Еще раз обнимаю вас и всех ваших и надеюсь скоро повторить это в действит<ельности>. — Господь с вами.
С.-Петербург. Четверг. 30 декабря 1865
Вас первых, моя милая добрая Marie, хочу поздравить с Новым годом… Вам по праву принадлежат мои первые — свежие — еще не опошленные, еще не выдохшиеся пожелания. — Знайте, что и в наступающем году я решительно возобновляю подписку на всю вашу дружбу ко мне и всю вашу доверенность. Отрадно было мне читать в письме Ал<ександра> Ив<аныча>, что вы ждете моего приезда для какого-то совещания… Вот почему я и настаиваю на доверенности. Наконец, говоря о моем приезде, я могу определить и самый день этого несбыточного доселе события. — По просьбе Анны я решился проводить ее, — а она выедет отсюда 8-го генваря — итак, 9-го, часам к одиннадцати утра, ждите меня к чаю. Все это, разумеется, при оговорке, так глубоко человеческой, если Богу угодно.

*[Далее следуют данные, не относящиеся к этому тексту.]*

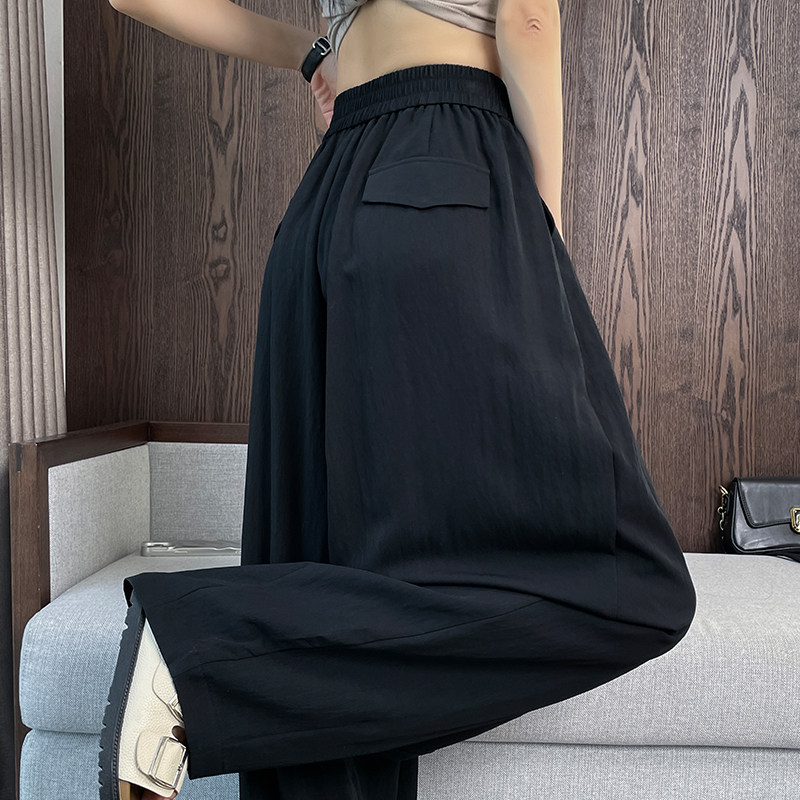 黑色阔腿裤女春款2025垂感宽松显瘦小个子褶皱休闲拖地裤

На днях был и обедал у меня Щебальский, которого, разумеется, я много расспрашивал о всех вас. Но его показания были гораздо утешительнее тех известий, которые письмо вашего мужа сообщает мне о его здоровье. Щеб<альский> также уверял меня, что его шансы на получение кафедры в Москве совершенно верны, — в письме же вижу сомнение… И все это еще более усиливает нетерпение мое с вами видеться.
Но говоря о письме Ал<ександра> Иваныча, я чуть-чуть не забыл упомянуть и о вручительнице письма, нашей умной любезно-практически-домостроительной Mlle Soz, приехавшей сюда, по ее уверению, с единственной целию поздравить всех тех, кому она считает себя обязанной. Я нашел ее в наилучшем настроении. Она положительно похорошела и вдобавок еще — сняла очки. Так что явление ее было вполне удовлетворительное и отрадное.
Знаете ли вы, милая Marie, что у вас одною тетушкою стало меньше? Бедная Алек<сандра> Дмитриевна кончила свою страдальческую жизнь, все-таки пережившую две другие жизни, имевшие, казалось, более права на существование.
Но… простите, до близкого свидания. — Обнимаю от души вас и всех ваших.